On December 4, Google announced an expansion of their Personalized Search feature that alters and varies the results for each user performing a search in Google.
Google has been working on the concept of personalized search for the past year or more. With Personalized Search, each user searching in Google sees different search results based upon their past searching activities in Google. Google can learn and differentiate different types of searching activities to help focus a user’s search results. For example, if s user is searching for “fish” and typically clicks on tropical fish sites, Google will artificially change the search results for that user to display more web pages focused on tropical fish, versus pages focused on fishing reports, game fish, fish markets or seafood restaurants.
If you have a Google account and have had Web History enabled, Google has been recording your searching activities and has used the data to help provide more relevant search results. Yes, Big Brother has been watching. The latest Personalized Search announcement acknowledges that this feature has now been rolled out for Google users on a worldwide basis, whether or not they are logged into an account. The new expansion uses a cookie that identifies a user so that Google can maintain data on the user’s past 180 days of searching activities.
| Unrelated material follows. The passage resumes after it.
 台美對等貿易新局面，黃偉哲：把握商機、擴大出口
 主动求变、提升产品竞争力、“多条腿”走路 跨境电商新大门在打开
What does Personalized Search mean for SEO?
Obviously, if each user sees different results, it becomes much harder for a site to achieve and maintain a consistent top rank position in Google search results. For the past year, Google has been artificially inserting YouTube (owned by Google) videos, Twitter Tweets, local maps, and other types of URLs into the search results mix for the first page of results. This does tend to push natural search results further down and has been diluting the effectiveness of top ranking positions.
In some cases, personalized Search will help boost a site’s rank positions. There is a natural benefit for the user who frequently searches for tropical fish and for site owners with web sites that focus on tropical fish. In other cases, and especially if a site’s targeted keyword phrases are generic and cross over to multiple industries and interpretations, it may stifle the results and reduce a site’s traffic.
The best methods to lessen the negative impact of Personalized Search are to focus on targeted keyword phrases that are unique to your industry and continue to build natural links to your site that use variations of these keyword phrases in the hyperlink text. The hyperlinks will reinforce the theme for the pages and give a site a better chance for higher rankings when someone searches for your targeted keyword phrase. This is also an opportunity to focus more on long tail keywords that do not individually drive lots of traffic, but cumulatively may do so.
Bottom line: Personalized search is not necessarily bad news if your site is focused on non-generic targeted keyword phrases that are unique to your industry.